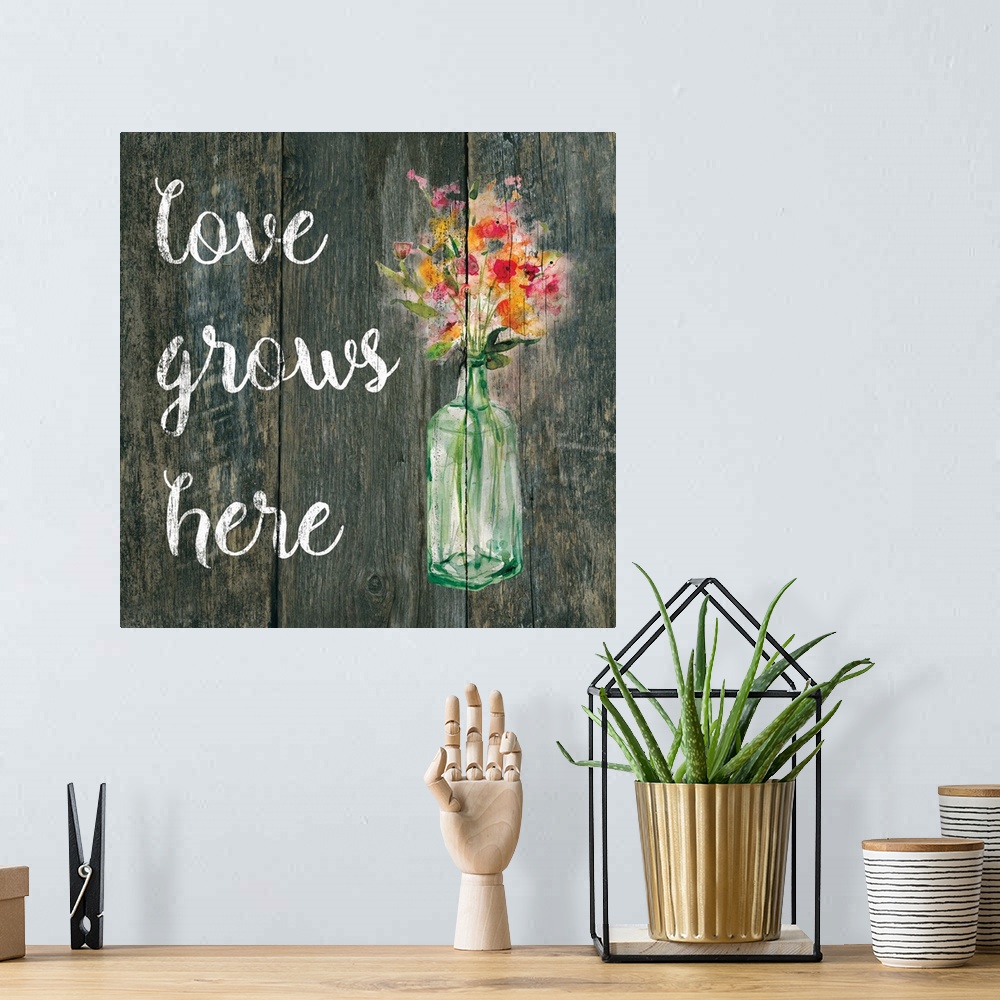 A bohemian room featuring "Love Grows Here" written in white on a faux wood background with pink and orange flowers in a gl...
◆ ◆ ◆ ◆
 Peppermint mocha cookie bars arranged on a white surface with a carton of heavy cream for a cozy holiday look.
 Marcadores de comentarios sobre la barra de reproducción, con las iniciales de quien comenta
◆ ◆ ◆ ◆
What the task asks: Reproduce, character for character, only the lines of the preceding data that start at the line with "Peppermint mocha cookie" and end at the line with "Marcadores de comentarios", both included.

Result of the exercise:
 Peppermint mocha cookie bars arranged on a white surface with a carton of heavy cream for a cozy holiday look.
 Marcadores de comentarios sobre la barra de reproducción, con las iniciales de quien comenta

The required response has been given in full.